I reflected on this new turn of events, which seemed less mysterious to me than it appeared to her. Then I cautiously approached the inevitable proposal.
“Well, Mrs. Gannet,” said I, “it is, as you say, all very mysterious. But we can’t just leave it at that. We have got to find out what has happened to your husband; and as we haven’t the means of doing it ourselves, we must invoke the aid of those who have. We shall have to apply for help to the police.”
As I made this proposal, I watched her attentively and was a little relieved to note that it appeared to cause her no alarm. But she was not enthusiastic.
“Do you think it is really necessary?” she asked. “If we call in the police, it will be in all the papers and there will be no end of fuss and scandal; and after all, he may come back tomorrow.”
“I don’t think there is any choice,” I rejoined, firmly. “The police will have to be informed sooner or later, and they ought t
o be notified at once while the events are fresh and the traces more easy to follow. It would never do for us to seem to have tried to hush the affair up.”
That last remark settled her.
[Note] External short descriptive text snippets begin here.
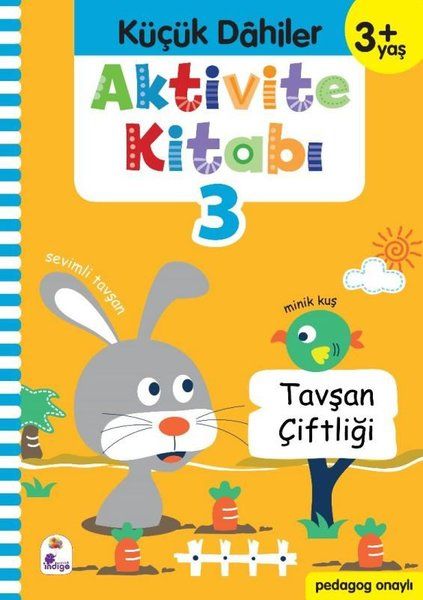 Little Geniuses Aktivitätsbuch 3 (ab 3 Jahren)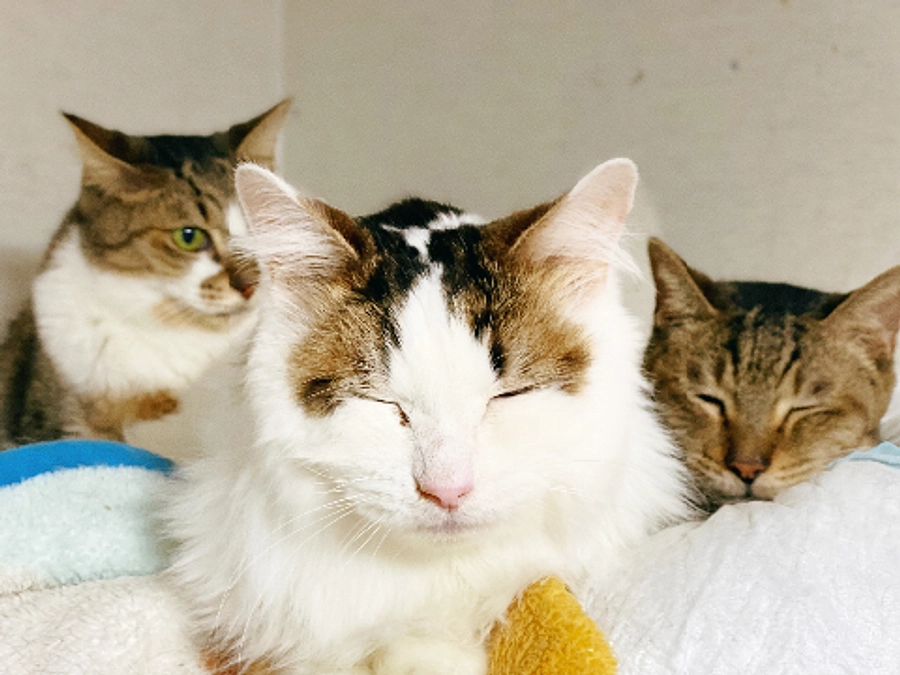 ★ 本年も大変お世話になりました ★ アイちゃんの検査結 ★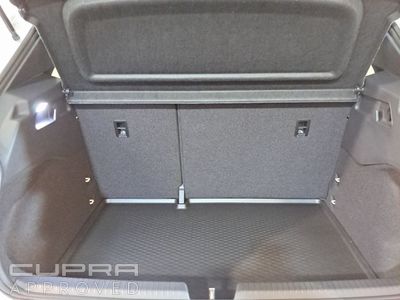 2026 Cupra Born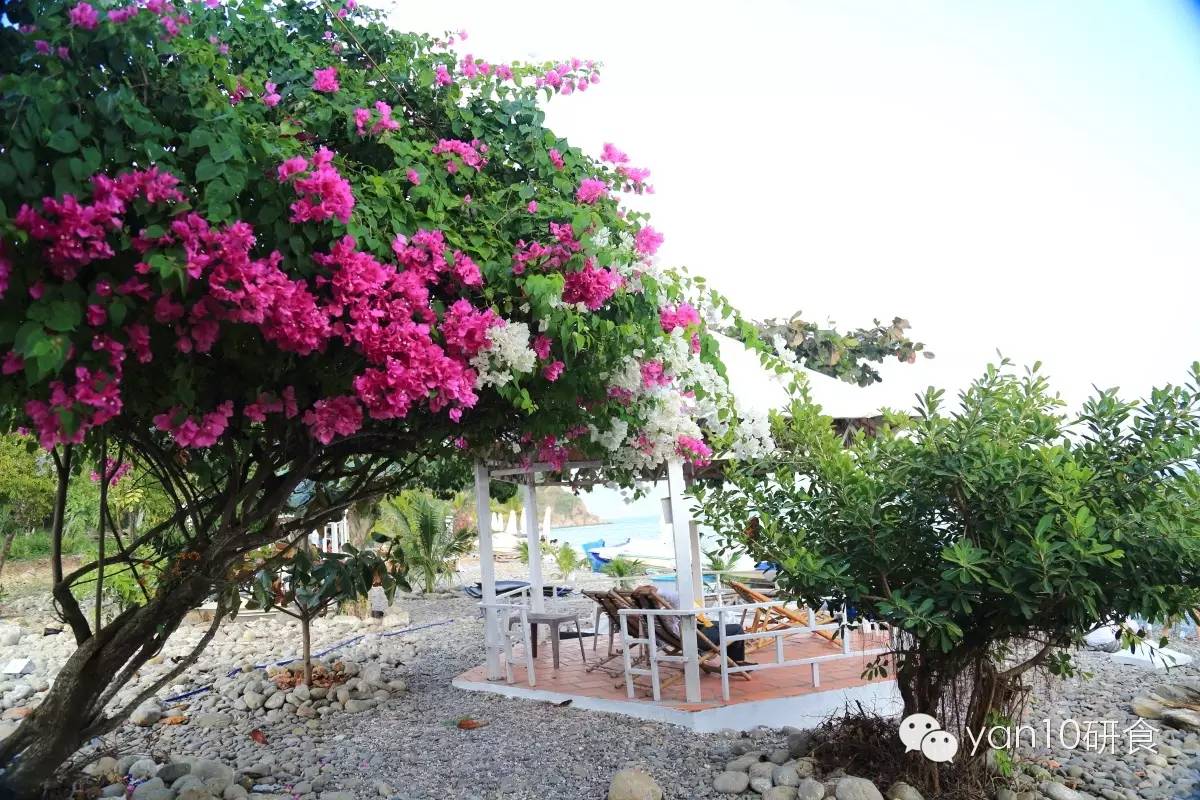 越南之旅芽庄,春节去越南芽庄旅游的感言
She agreed that perhaps the police had better be informed of the disappearance, and to my great satisfaction, she asked me to make the communication.
“I don’t feel equal to it,” said she, “and as you have acted as police surgeon and know the officers, it will be easier for you. Hadn’t you better have the latch-key in case they want to look over the house?”
“But won’t you want it yourself?” I asked.
“No,” she replied. “Miss Hughes has invited me to stay with her for the present. Besides, I have a spare key and I brought it away with me; and of course, if Peter should come back, he has his own key.”
With this she handed me the latch-key and when I had pocketed it I took my leave and set forth at a swinging pace for home, hoping that I should find no messages awaiting me and that a substantial meal would be ready for instant production. I was very well pleased with the way in which the interview had gone off and congratulated myself on having kept my own counsel. For now I need not appear in the investigation at all. The police would, of course, examine the studio, and the discoveries that they would make, on my prompting, could be credited to them.
When I let myself in, I cast an anxious glance at the message slate and breathed a benediction on the blank surface that it presented. And as a savoury aroma ascending from the basement told me that all was well there, too, I skipped off to the bathroom, there to wash and brush joyfully and reflect on the delight of being really hungry—under suitable conditions.